Advanced life on Earth depends on the ozone layer, which shields us from lethal ultraviolet radiation. Yet even after nearly destroying this planetary armor and then saving it in the nick of time, there’s still a surprising amount we don’t know about it. One team of researchers found auroras can quite literally shed light on how it responds to bursts of space radiation.
Ozone is a molecule made up of three oxygen atoms. We have learned to our cost how easily ozone can be broken down by chlorine and similar chemicals, particularly in cold conditions high above the poles.
Atmospheric scientists know the same is true of high-energy plasma particles coming from the Sun or more distant sources, but the extent this happens has remained uncertain. New observations indicate our models have underestimated these particles’ impact.
The problem is thought to not primarily be the space particles themselves, but the way they ionize the atmosphere. All that excess charge produces nitrogen and hydrogen oxides, which can react with ozone.
The charged particles are hard to observe, but in their interactions with the upper atmosphere, they produce something far more obvious, and indeed beautiful: auroras. Auroras come in varying types but Dr Mitsunori Ozaki of Kanazawa University realized a specific sort known as an isolated proton aurora (IPA) could be our guide to tracking the damage space particles cause to ozone.
As their name suggests IPAs differ from other auroras by being separate from the main auroral belt.
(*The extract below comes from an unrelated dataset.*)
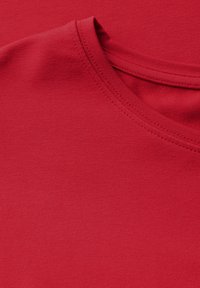 Maglietta rossa con una texture liscia, scollo rotondo e maniche corte. Il tessuto sembra elastico, con un colore uniforme e dettagli di cucitura visibili.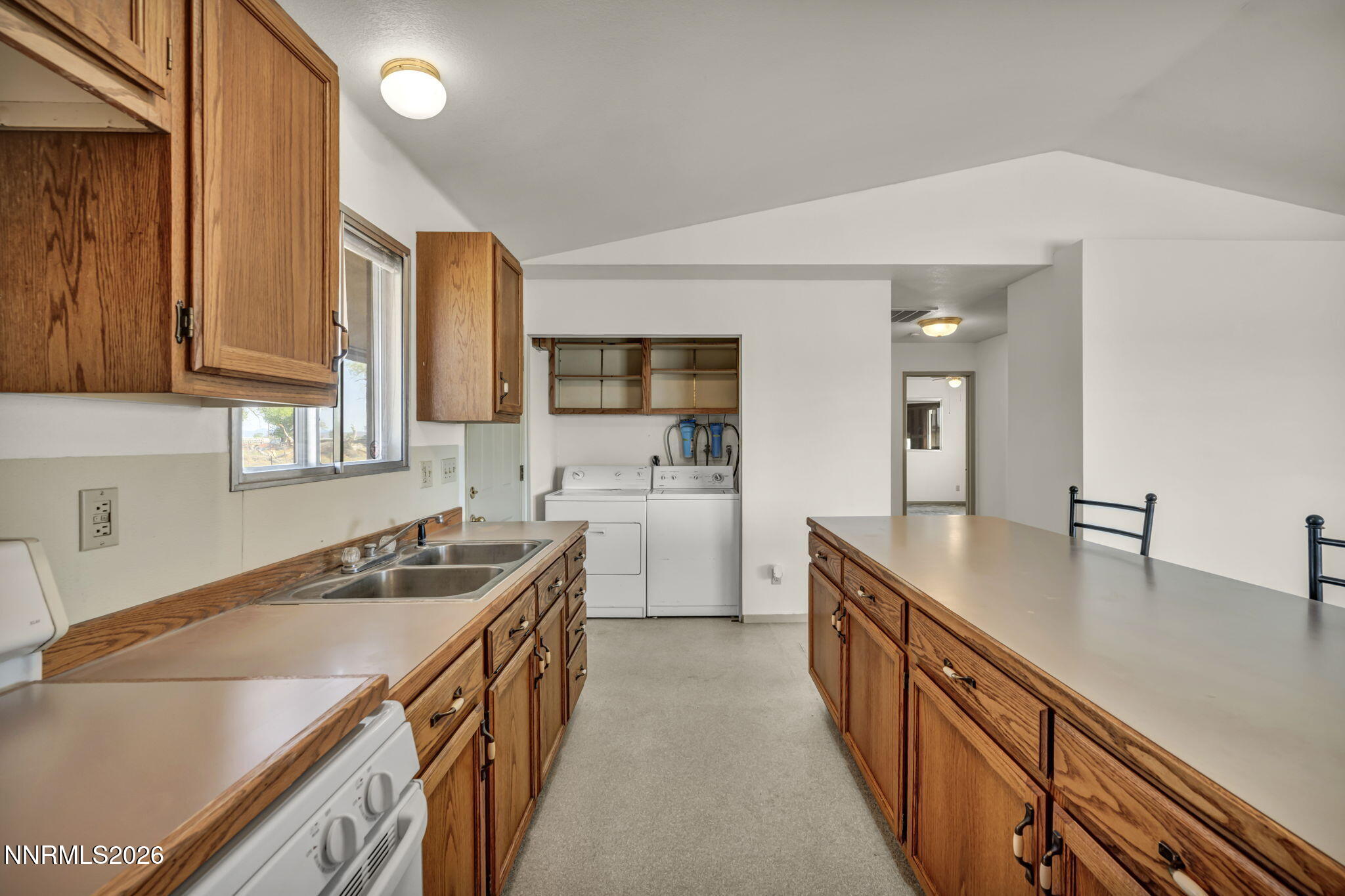 5250 Stillwater Road Fallon, NV 89406 - Photo 15 of 53 a kitchen with a sink stove and cabinets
Although they take place at high latitudes, they occur further from Earth’s magnetic poles than ordinary auroras and are usually very localized and short. Although initiated by a burst of protons carrying more than 10 Mega electron volts from the Sun, the particles hitting the atmosphere are primarily electrons precipitated in Earth’s outer radiation belt and traveling close to the speed of light.
Ozaki and co-authors kept a lookout for IPAs using both the International Space Station and electromagnetic wave observations from the ground. They used the presence of IPAs as an indication of relativistic electron precipitation. They found that within 90 minutes of an IPA starting ozone concentrations in the mesosphere below had fallen by 10-60 percent.
Before anyone gets alarmed, or flying monkeys arrive to claim chlorofluorocarbons are now cleared of threatening Earth’s habitability, it is important to note the holes are about 400 kilometers (248 miles) across and heal quickly. The damage is restricted to the mesosphere, not the more important stratospheric component of the ozone layer. Even as solar activity rises over the course of the current cycle, there is no need for alarm.
The hydrogen oxides last only a few hours, their demise offering respite to the atmosphere. The nitrogen oxides get dispersed and cause longer lasting, but less intense, ozone depletion at high latitudes.
“This is the first observational study in the world to show that radiation belt electron fallout from space around the Earth has a direct, immediate, and localized effect on atmospheric changes in the mesosphere,” the researchers said in a statement.
“This study revealed that radiation belt electrons falling into the atmosphere from space around the Earth have a rapid and localized effect on the composition of the microatmosphere, including ozone.”
Perhaps dramatic events, such as a nearby supernova, could take these events to a problematic scale. For the moment, however, the significance of the discovery lies mostly in our increased capacity to understand the changes occurring within our atmosphere.